Ce travail à faire est
passionnant. Lorsque le bouddhisme deviendra Occidental, il sera un grand
bouddhisme. Courant à la traine du Japon ou du Tibet, il induit de profondes
confusions. Il refuse le passage à un nouveau monde. A une nouvelle année.
J’ai pu assister, ces dernières années à des cérémonies du thé faites
par de grands maîtres qui m’ont impressionnées, mais rien ne m’a autant touché
que celle qui eut lieu dans la maison de mes hôtes. La simplicité de ce moment,
accompli par une femme peintre qui n’était pas bouddhiste mais avait longuement
étudié en France avec Olivier Debré, devenait la manière la plus simple
d’accueillir un invité. Rien de spirituel. Rien d’extraordinaire. Rien à en dire
même. Et pourtant cela fut un des très beaux moments de mon
séjour…
Le passage à la nouvelle année nous confronte au fait que
nous sommes tout entier en lien avec le cycle du monde, avec la situation où
nous nous trouvons. Nous émergeons ensemble.
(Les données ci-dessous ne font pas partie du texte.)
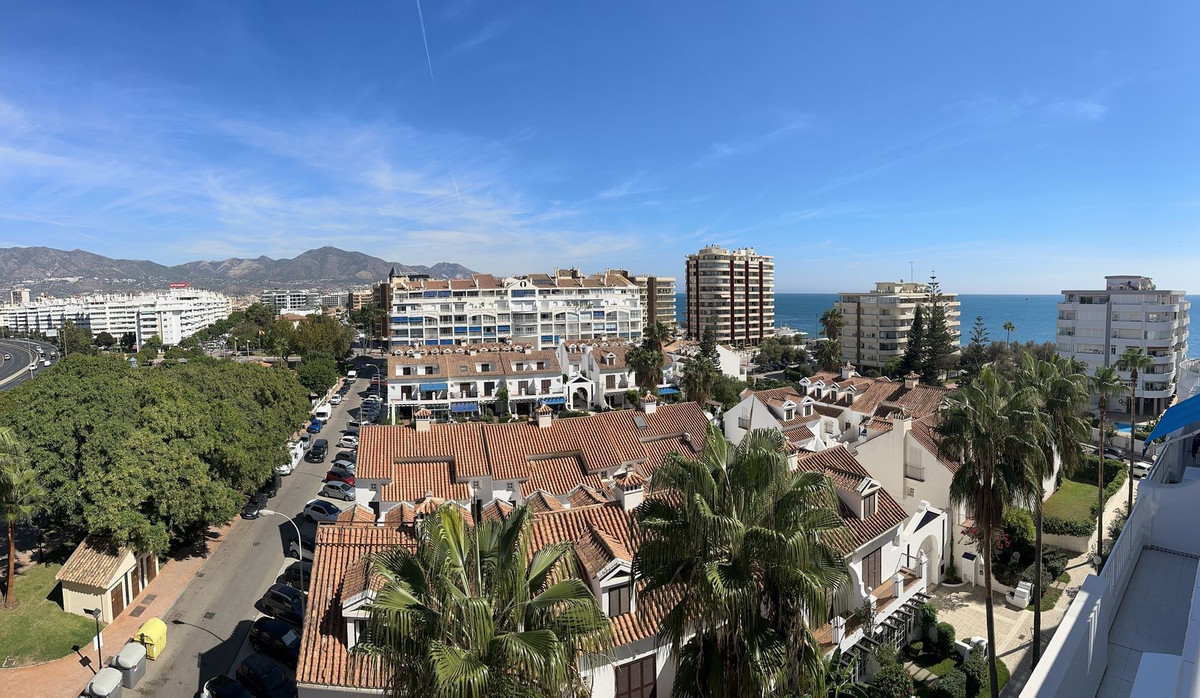 3 Bed Apartment for sale in Fuengirola Costa Del Sol, Málaga, Spain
Difficile de devenir japonais
quand on est français. Et le devenir n’est pas entrer nécessairement dans la
voie. Comment passer d’un état à un autre état ? Comment laisser le mouvement
agir en nous ?
Comment ne pas rester figer sur ce qui a été parce qu’il a
été ? Comment garder vivant une transmission ? Une tradition ?
Lorsqu’on dit
« bonne année » à quelqu’un, on répond un peu à ces questions.
La nouvelle
année n’est pas un phénomène physique — il existe du reste plusieurs moment où
l’on peut établir une nouvelle année, comme les divers peuples de la terre en
témoignent. La nouvelle année est une épreuve à l’intérieur même de notre
existence. Une façon de nous amener à apprendre la métamorphose.
L’enseignement du Bouddha n’a de sens que pour autant qu’il nous permettre
de vivre ce mouvement, d’en saluer la beauté, de ne pas en avoir
peur.
En se souhaitant la bonne année, nous ne transmettons pas une
information sur la nature de la réalité telle que la science peut nous la
décrire— mais nous formulons le vœu que ce passage se fasse dans l’ouverture la
plus ample, qu’aucune peur ou crispation n’entrave le jeu de l’existence. La
pratique de la méditation est toute entière l’apprentissage de cet art.
Puisse-t-elle vous aider !
Pour éclairer ces souhaits, voici quelques vers
d’un poème de Rilke qui témoignent de cette expérience :
Veuille la transformation. O sois épris de la flamme,
où t’échappe une chose qui fait parade de métamorphose ;
l’Esprit fertile en projets, le Maître de ce qui est terrestre,
préfère à tout, dans la courbe de la figure, le tournant.